[Records from a collection]
↓

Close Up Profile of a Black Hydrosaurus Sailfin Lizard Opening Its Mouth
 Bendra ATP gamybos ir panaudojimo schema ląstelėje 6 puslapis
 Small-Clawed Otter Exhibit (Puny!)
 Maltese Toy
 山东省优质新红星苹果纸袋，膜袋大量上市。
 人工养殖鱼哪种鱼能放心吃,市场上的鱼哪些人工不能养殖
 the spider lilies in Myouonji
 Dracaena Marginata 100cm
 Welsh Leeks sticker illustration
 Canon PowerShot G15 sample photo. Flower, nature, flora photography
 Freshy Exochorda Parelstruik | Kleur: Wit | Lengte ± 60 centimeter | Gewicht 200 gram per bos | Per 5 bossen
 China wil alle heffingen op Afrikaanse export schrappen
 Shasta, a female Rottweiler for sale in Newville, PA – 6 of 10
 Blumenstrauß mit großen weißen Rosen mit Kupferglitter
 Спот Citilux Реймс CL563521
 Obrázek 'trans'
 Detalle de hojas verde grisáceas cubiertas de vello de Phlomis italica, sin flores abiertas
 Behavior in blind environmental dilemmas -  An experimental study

↑

> [Work to complete]: All of the data is to be written out again, word for word.

> [Answer to the problem]:
Close Up Profile of a Black Hydrosaurus Sailfin Lizard Opening Its Mouth
 Bendra ATP gamybos ir panaudojimo schema ląstelėje 6 puslapis
 Small-Clawed Otter Exhibit (Puny!)
 Maltese Toy
 山东省优质新红星苹果纸袋，膜袋大量上市。
 人工养殖鱼哪种鱼能放心吃,市场上的鱼哪些人工不能养殖
 the spider lilies in Myouonji
 Dracaena Marginata 100cm
 Welsh Leeks sticker illustration
 Canon PowerShot G15 sample photo. Flower, nature, flora photography
 Freshy Exochorda Parelstruik | Kleur: Wit | Lengte ± 60 centimeter | Gewicht 200 gram per bos | Per 5 bossen
 China wil alle heffingen op Afrikaanse export schrappen
 Shasta, a female Rottweiler for sale in Newville, PA – 6 of 10
 Blumenstrauß mit großen weißen Rosen mit Kupferglitter
 Спот Citilux Реймс CL563521
 Obrázek 'trans'
 Detalle de hojas verde grisáceas cubiertas de vello de Phlomis italica, sin flores abiertas
 Behavior in blind environmental dilemmas -  An experimental study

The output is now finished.